Mere survival leads us into behavior with defense at its core.  Fight.  Defend.  Protect.  It makes sense; but how do we get to Love?  And more Love.  The kind of love that makes murder and murderous language impossible--or at least more rare.

Love emerges when we let down our defenses.  It's bold.  It's brave.  It's revolutionary.

How can we push past the notion that we have to war against each other?  How can we act (on a daily, conversational level with ourselves and with others) in a way that emphasizes love and more love for ourselves and our people.  How can we begin to heal from history?  We have to start with Love.  Love without judgement.  Accepting all of us despite age, education, religious affiliation, sorority, fraternity, region, past mistakes, sexual orientation, mental health status (or even better, perceived mental health status), and general background.  Forsaking judgement.  Love and tolerance for all black people.  Love in word and actions:  saying I love you, supporting black business and creativity, showing patience when exhausted, speaking in softer tones, refusing to criticize, trusting when we feel like doubting.

As a people, we have been beaten down--for the last thirty years--the last seven particularly (Obama's election made a whole lot crystal clear).  The bucked eyes and screaming women.  The hatred.  The murders.  The hatred.  The heavy, heavy weight of the murders.  The screams.  The cracked streets.  The mothers.  The droning processions.

Where we had forgotten the lessons of history, most of us now have no doubt where we stand in America.  That accepted, what're our choices?

Do we give up?  Or do we adjust to do more than simply survive?  We must adjust.  We must stay with Love because Love coupled with the awareness that each of us is everything we ever want black people to be is our post-survivalist answer.  That's what I saw in the beige tile as I scanned the floor.  That's what I heard as the brother, Gerald was his name, said, "I want to start a support group for how more black men can practice talking more kindly to each other."  Love.
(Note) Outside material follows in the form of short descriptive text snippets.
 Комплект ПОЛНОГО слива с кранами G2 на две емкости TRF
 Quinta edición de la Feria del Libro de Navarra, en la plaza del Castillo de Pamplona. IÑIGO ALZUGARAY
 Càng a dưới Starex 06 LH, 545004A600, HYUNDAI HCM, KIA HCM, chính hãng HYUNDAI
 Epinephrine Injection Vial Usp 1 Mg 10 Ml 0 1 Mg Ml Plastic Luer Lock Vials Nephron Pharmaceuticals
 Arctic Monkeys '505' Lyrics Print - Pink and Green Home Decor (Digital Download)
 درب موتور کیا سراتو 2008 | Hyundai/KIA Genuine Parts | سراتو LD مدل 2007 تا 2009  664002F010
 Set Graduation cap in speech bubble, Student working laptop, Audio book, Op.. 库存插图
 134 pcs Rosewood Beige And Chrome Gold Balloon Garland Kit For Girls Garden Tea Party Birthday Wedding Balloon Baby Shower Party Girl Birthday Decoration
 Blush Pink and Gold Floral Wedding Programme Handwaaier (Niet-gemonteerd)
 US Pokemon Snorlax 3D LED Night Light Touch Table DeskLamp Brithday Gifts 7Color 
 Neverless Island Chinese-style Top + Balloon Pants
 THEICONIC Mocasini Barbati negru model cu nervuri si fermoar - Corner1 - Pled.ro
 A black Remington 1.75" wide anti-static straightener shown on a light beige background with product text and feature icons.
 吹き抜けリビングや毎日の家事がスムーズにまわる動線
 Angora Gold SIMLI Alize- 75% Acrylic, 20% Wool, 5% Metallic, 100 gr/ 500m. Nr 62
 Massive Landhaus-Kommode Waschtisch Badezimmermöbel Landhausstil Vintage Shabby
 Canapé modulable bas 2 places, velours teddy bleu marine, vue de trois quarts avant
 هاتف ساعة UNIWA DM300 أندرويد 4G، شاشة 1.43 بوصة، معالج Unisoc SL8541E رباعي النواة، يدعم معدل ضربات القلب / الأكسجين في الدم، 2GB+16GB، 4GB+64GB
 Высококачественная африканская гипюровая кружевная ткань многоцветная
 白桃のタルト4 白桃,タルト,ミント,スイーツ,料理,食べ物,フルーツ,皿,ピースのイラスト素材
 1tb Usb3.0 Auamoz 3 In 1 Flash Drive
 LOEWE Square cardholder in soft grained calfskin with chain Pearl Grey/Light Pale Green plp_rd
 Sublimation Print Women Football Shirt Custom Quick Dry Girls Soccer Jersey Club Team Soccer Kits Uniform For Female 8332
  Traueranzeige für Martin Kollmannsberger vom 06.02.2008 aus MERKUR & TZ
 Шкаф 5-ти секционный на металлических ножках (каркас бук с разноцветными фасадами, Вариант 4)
Today's my brother, Kofi's birthday.  I remember my older brother, Toure', just before he was killed, telephoned our little brother, Kofi, to apologize to him for fussing at him for not going to the grocery store.  Toure' explained to me and Mama, "I admitted to Kofi, 'How can I say I love black people when I don't even speak to my dear brother with respect?'" Toure' lived a sincere love for black people.  I want to be like him.  I want to survive and win without constantly checking for my shadow.   I want to be willing to apologize for the shadow in me--and then do something better.